Source: Barloventomagico, via Flickr. Distributed under a CC BY-NC-ND 2.0 license.
In a new study, researchers report that baby parrots in the wild quietly babble to themselves in their nests. The finding adds parrots to the small group of animals whose young go through a babbling stage similar to human infants.
Vocal babbling has been reported in a handful of nonhuman species, including sac-winged bats and pygmy marmosets, but it is most studied and best understood in songbirds. Songbird babbling, however, differs from human babbling in important ways. In songbirds, only males babble and it coincides with their puberty phase, indicating that the behavior is modulated by sex hormones. Could an animal other than a songbird be a better model of how humans learn language?
Like humans and other animals that babble, parrots are vocal learners, meaning they learn their vocalizations by listening and mimicking what they hear. In contrast to songbirds, both male and female parrots begin producing calls during the nestling phase, well before they reach sexual maturity. Despite their well-known vocal learning abilities, however, a babbling phase had never been reported in parrots.
Karl Berg, a behavioral ecologist at the University of Texas Rio Grande Valley and one of the authors of the new study, says that babbling in parrots may have gone unnoticed due to the birds’ nesting behavior: Parrots are cavity-nesters, raising their young hidden away in sheltered chambers like tree holes.
Source: Erick Houli, via Flickr. Distributed under a CC BY-NC-ND 2.0 license.
Berg and colleagues’ discovery was enabled by a unique long-term field study. The team worked with a population of green-rumped parrotlets at Masaguaral Biological Station in Venezuela. These birds are part of the longest ongoing study of any wild parrot population — over 10,000 individuals have been fitted with identifying bands since the study began in 1988.
“These birds are the size and color of a leaf,” says Berg. “But today when you walk through the study site, you can take out your telescope and identify individuals by their bands and look up their identities, their ages, and their relatives.”
Berg says that part of the success of the long-term study is due to more than 100 PVC pipes acting as artificial nest cavities. Researchers have installed audio and video recorders inside the nest cavities that allow them to monitor what goes on within.
Babbling Baby Birds
Recordings from inside green-rumped parrotlet nests revealed another possible reason why babbling had not been seen previously — baby parrots tend to babble when no adults are around, and they do it quietly.
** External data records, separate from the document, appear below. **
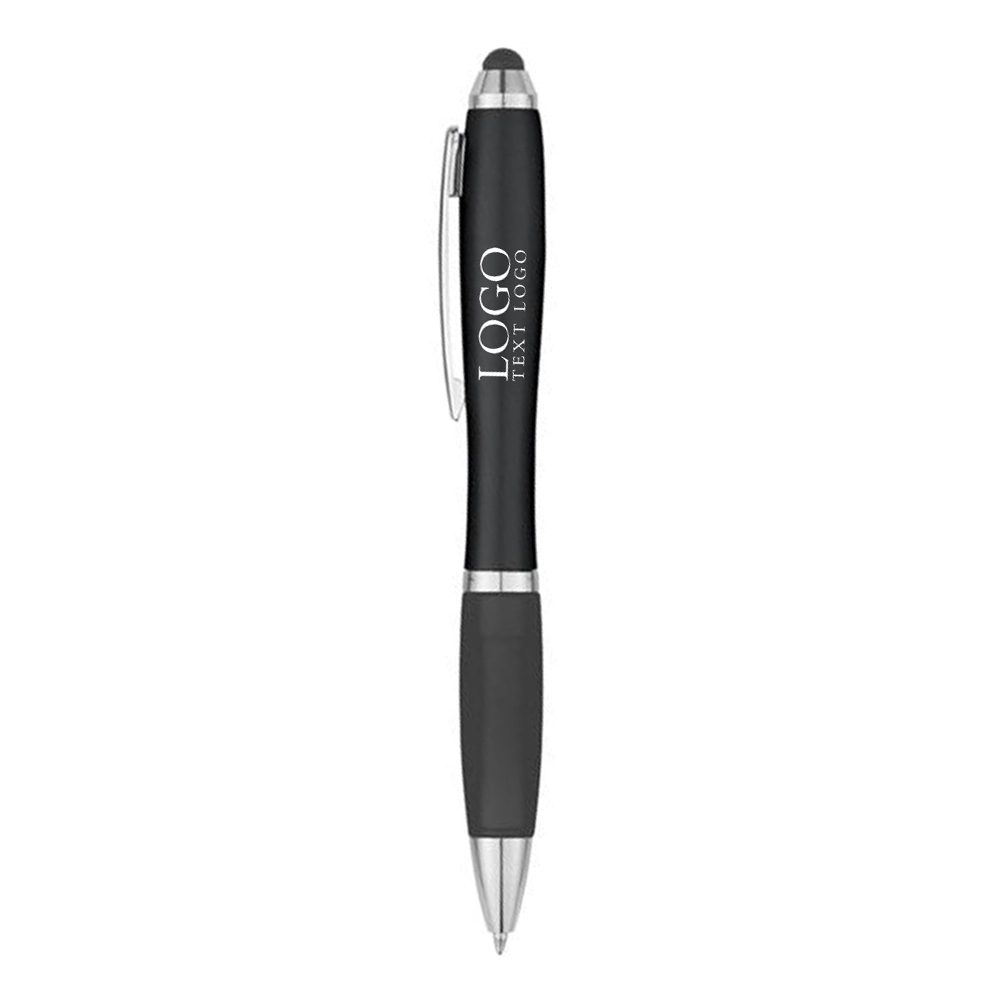 Promotional Satin Stylus Twist Pen Black With Logo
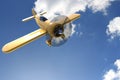 Propeller plane against the sky. 3D render Royalty Free Stock Photo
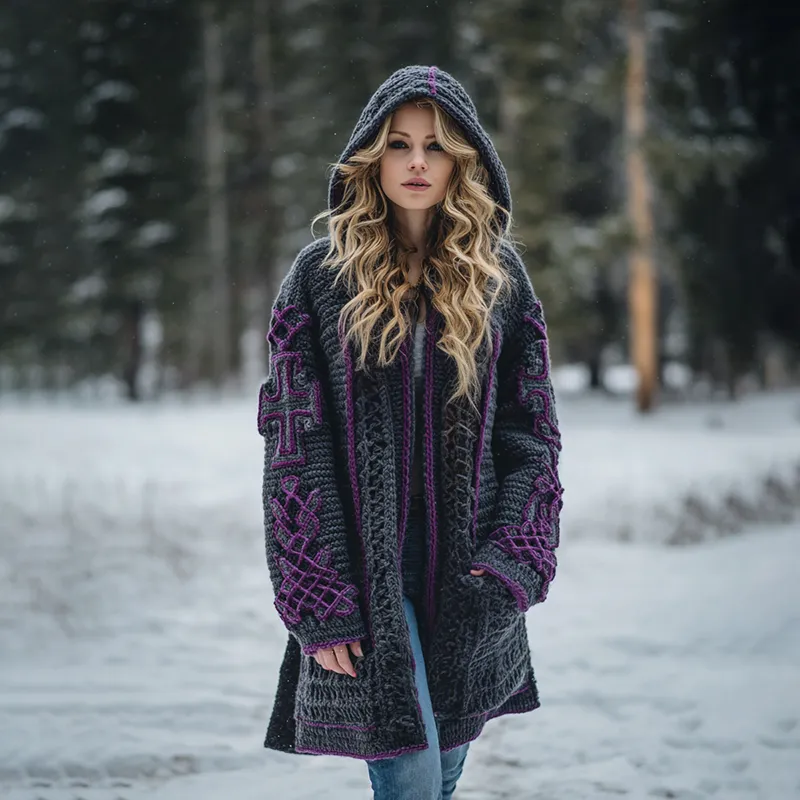 Women's Viking Celtic Knot Art Warm Knit Hooded Jacket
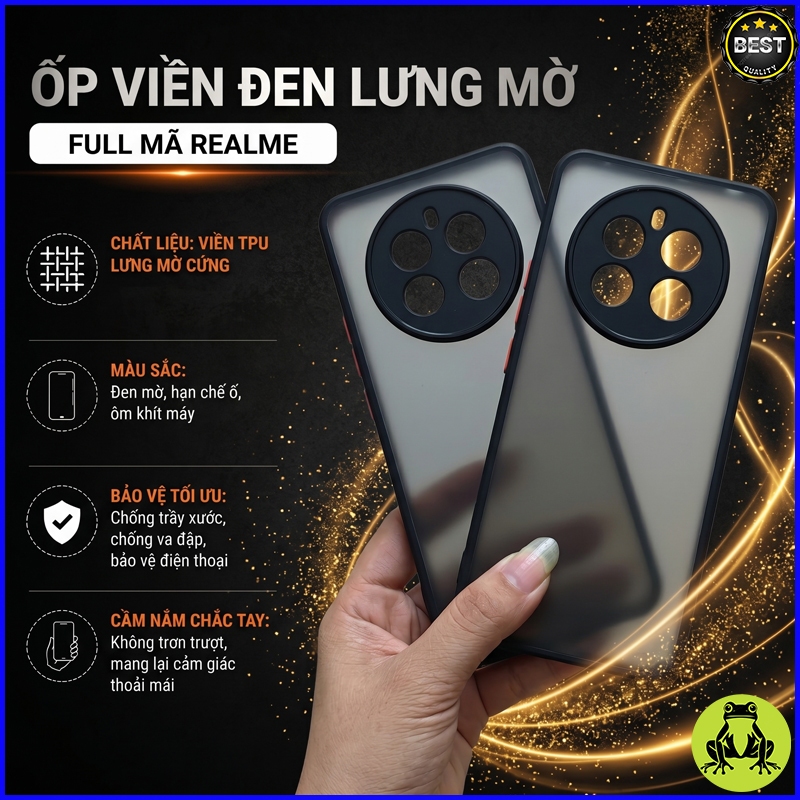 Ốp viền đen lưng mờ Realme GT7/ Realme GT7 pro/ Realme Neo7/ Realme Neo 7X ... Viền TPU cao cấp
The researchers found that babbling begins around 21 days of age in both male and female parrotlets. The sounds they make, including soft peeps, clicks, and grrs, aren’t directed at their siblings or parents. Indeed, chicks often babble when alone or when their siblings are asleep.
Berg and his colleagues analyzed the babbling bouts and identified 27 distinct calls, including mixtures of begging, alarm, and contact calls and other sounds the chicks hear from their parents and siblings.
Source: Jerry Oldenettel, via Flickr. Distributed under a CC BY-NC-SA 2.0 license.
The researchers also investigated whether parrot babbling resembled human babbling in terms of the crucial hormones involved. Previous research has found that in humans, it’s stress hormones that play a role in infant language development. This differs from the process of song learning in songbirds, which is supported by sex hormones.
Babbling in human babies usually begins around six months, the same time that the endocrine system starts producing stress hormones, says Berg.
“The endocrine system helps internalize environmental information,” he says. “That’s important for a lot of things in life and learning is one of them.”
To find out whether stress hormones modulate parrotlet babbling, the researchers fed chicks small amounts of the stress hormone corticosterone during the first week of babbling. After treatment with the stress hormone, chicks of both sexes had increased vocal repertoires, making twice as many unique babbling noises as chicks that did not receive any stress hormones. Berg and his colleagues conclude that stress hormones at an early age have organizational effects on brain development in parrots.
Berg is continuing to examine the relationship between stress and babbling by introducing the hormones at different stages in the chicks’ development. Although he still has questions about when during development stress hormones are most important, Berg says he hopes that parrots can provide insights into endocrine system feedback during language learning in infants.
“Just knowing that another lineage has this ability gives us a broader evolutionary perspective on why different species babble the way they do,” says Berg.
Finally, Berg says he hopes this study contributes to our understanding of the complexity of parrots’ lives in the wild. He points out that there are over 400 parrot species and they are among the most threatened of birds.
“It’s important to raise consciousness about how these animals go through a stage similar to human infants en route to their adulthood,” says Berg. “I feel privileged to get a window into their social lives and to witness the complexity.”